Historically, abortion has been viewed differently in different cultures at different times. Nevertheless, the Hippocratic Oath bans it. Meanwhile, on the opposing spectrum, Roman law allowed even born infants to be exposed and left to die if the paterfamilias decided it was in the family’s best interest not to raise the child. St. Thomas Aquinas allowed for abortion until “ensoulment,” a process he believed to occur at six months into the pregnancy. The Didache banned abortion universally at any stage. But I’m unaware of any culture which ever considered abortion, pre-birth or post, a great good. Ostensibly, any culture which did so would be a culture that didn’t last very long. Cultures which have allowed for abortion have done so apologetically. The same Roman law which allowed for the exposure of infants banned the execution of pregnant women until they had given birth and banned the burying of dead women until it was clear that they would not still bring forth children. The Romans, like modern American law, never claimed that the unborn weren’t children. They claimed that it was okay for a person in authority to take the life of their subordinates. In the Roman case, the paterfamilias could expose an infant or take the life of his disobedient teenage son; in the American case, a mother can take the life of her unborn child – though, we’re too squeamish to follow through with the natural extension of this logic: the ultimate power of life and death of a parent over their child. The Romans, and Peter Singer, are more logically consistent than modern American law.

Those who share Peter Singer’s logic on abortion share a view of life that most Americans would decry. And rightfully so, because we’ve seen, even in the last century, where Singer’s logic leads us. It leads to Holocaust. I’m not the sort who makes broad emotional appeals to Nazism when I think something is disgusting. The fact that Hitler ate toast, or went to high school, doesn’t make toast consumption or high school attendance heinous. But Hitler’s view of human life, that some human beings have a compelling right to life, and that other human beings – people which are physically human, but with whom Hitler had some moral qualm – have no right to life because they are subhumans, or as Singer calls them “non-persons,” is directly linked to the Holocaust. Hitler didn’t begin his campaign of death by murdering Jews, though his argument that Jews were subhumans is akin to many pro-abortionist arguments toward infants. But rather instead, he started by killing off what he termed “useless eaters,” people who didn’t contribute physically to society because of physical or mental disability. Singer shares Hitler’s view and advocates a platform of eugenics because of it. Both Hitler and Singer, and anyone else who dubs abortion acceptable, advocate mass slaying based on social utility. I’m not saying that pro-choicers are miniature Hitlers. But all Germans during the second World War weren’t miniature Hitlers either. But they helped to bring about the Holocaust because they wouldn’t oppose those who would destroy innocent human life.

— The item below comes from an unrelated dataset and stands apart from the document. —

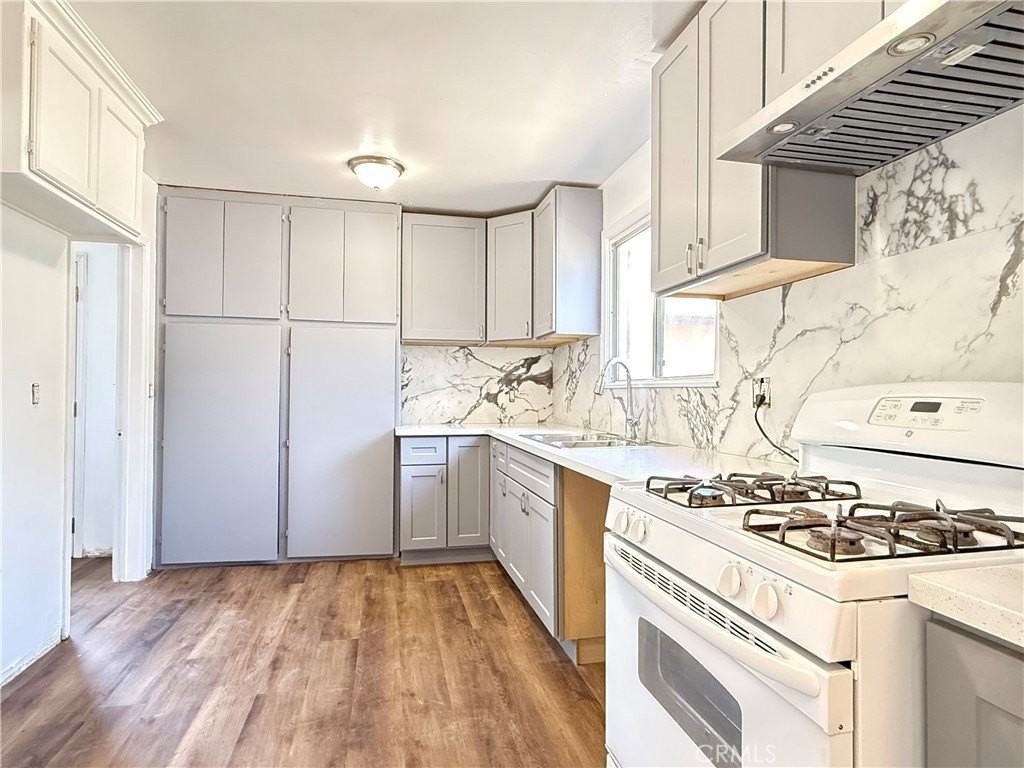 9279 Dorrington Ave - Photo 2 of 15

I believe that abortion is wrong and that it should be made illegal. I don’t argue that this will bring about a utopia of happy families, or that it will eliminate pain due to unwanted pregnancies. I don’t dispute that abortions will still take place, ostensibly in dangerous back alley operations, and that this is a very bad thing. My argument is that making abortion illegal will discourage abortion, and will make abortions far less frequent. Logical consistency requires that we protect all human life or that we do not protect human life at all. People know that abortion is wrong, deep down, and that’s why you’ll rarely hear anyone argue that abortion is an acceptable means of birth control. It’s why even Peter Singer spends thousands of dollars caring for his non-person mother, a woman afflicted by Alzheimer’s Disease. It’s why we recoil when we hear about the human toll of the Holocaust.

Morality requires that we oppose abortion. It requires that we do whatever we can to discourage it, including making abortion illegal. We must listen to our conscience. And if we don’t, history will remember our sin.